As Ali started re-establishing his reputation as a brilliant and fearsome fighter, he also continued to speak out against racism, war and religious intolerance. All the while, he projected an unshakeable confidence and humor that became a model for African-Americans.

“To the degree that the world ever agrees to stop screaming and find a locus of consensus, a decent common ground, it did so on Muhammad Ali,” Thomas Boswell wrote in The Washington Post.

“He stood by his beliefs, which qualified as eccentric, almost alien to many, and took every form of punishment that the laws of his country demanded. He paid the price for his beliefs, right up to the Supreme Court, while never ceasing to speak out, especially against racial injustice.”

He was swept back into the ring “with joy,” as Boswell wrote.

Those years also marked a notable evolution in his religious beliefs. In 1975, Ali formally joined mainstream Sunni Islam and abandoned the Nation of Islam, denouncing its teachings.


“The Nation of Islam taught that white people were devils. I don’t believe that now; in fact, I never really believed that,” Ali wrote in a 2004 autobiography. “But when I was young, I had seen and heard so many horrible stories about the white man that this made me stop and listen.”

In his later years, Ali went on to embrace Sufism, which is a mystical approach to Islam that has been an important Muslim tradition since the faith was founded.

“Muhammad Ali, a man who stood by his principles despite criticism and hardship, exemplified a true patriot and a true Muslim,” Roula Allouch, national board chair of the Council on American-Islamic Relations, said in a statement at Ali’s passing.

Ali was also deeply affected by his declining health; he was diagnosed with Parkinson’s disease — a degenerative neurological condition — about three years after he retired from boxing in 1981.

“Now the things that once were so effortless — my strong voice and the quickness of my movements — are more difficult,” he once said. “But I get up every day and try to live life to the fullest because each day is a gift from God.”

As Voice of America reported, Ali’s daughter, Hana Yasmeen Ali, said in 2005 that her father moved away from the staunchly religious ways of his youth.


“His health and his spirituality have changed, and it’s not so much about being religious, but about going out and making people happy, doing charity, and supporting people and causes,” she said.

But Ali could still be outspoken when he wanted to.

In December, when Republican presidential hopeful Donald Trump was threatening to bar Muslims from the U.S., Ali released a statement that said the recent global terrorism crisis has “perverted people’s views on what Islam really is.”

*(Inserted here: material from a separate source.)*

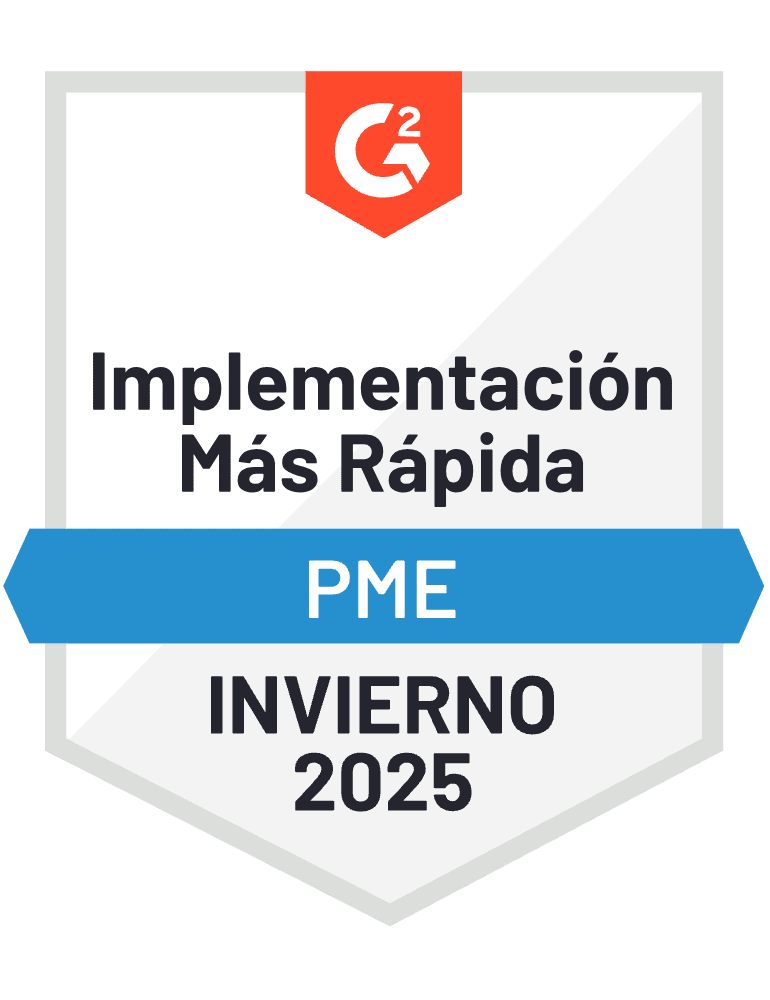 ZeroBounce ha obtenido la Implementación Más Rápida para Pequeñas Empresas en G2 para el Invierno de 2025 como verificador de correos.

“We, as Muslims, have to stand up to those who use Islam to advance their own personal agenda,” he said, without mentioning Trump by name. “They have alienated many from learning about Islam. True Muslims know or should know that it goes against our religion to try and force Islam on anybody.”

At the same time, Ali denounced Islamic extremists:

“I am a Muslim and there is nothing Islamic about killing innocent people in Paris, San Bernardino, or anywhere else in the world,” he said. “True Muslims know that the ruthless violence of so-called Islamic jihadists goes against the very tenets of our religion.”

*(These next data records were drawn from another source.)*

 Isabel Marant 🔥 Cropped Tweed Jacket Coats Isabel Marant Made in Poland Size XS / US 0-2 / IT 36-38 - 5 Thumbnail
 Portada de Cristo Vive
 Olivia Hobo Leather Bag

RELATED STORY: Muhammad Ali to Trump: You don’t know Islam


During his championship reign, but especially in retirement, Ali met scores of world leaders and for a time he was considered the most recognizable person on earth, known even in remote villages far from the U.S.

Once asked about his preferred legacy, Ali said: “I would like to be remembered as a man who won the heavyweight title three times, who was humorous and who treated everyone right. As a man who never looked down on those who looked up to him … who stood up for his beliefs … who tried to unite all humankind through faith and love.


“And if all that’s too much, then I guess I’d settle for being remembered only as a great boxer who became a leader and a champion of his people. And I wouldn’t even mind if folks forgot how pretty I was.”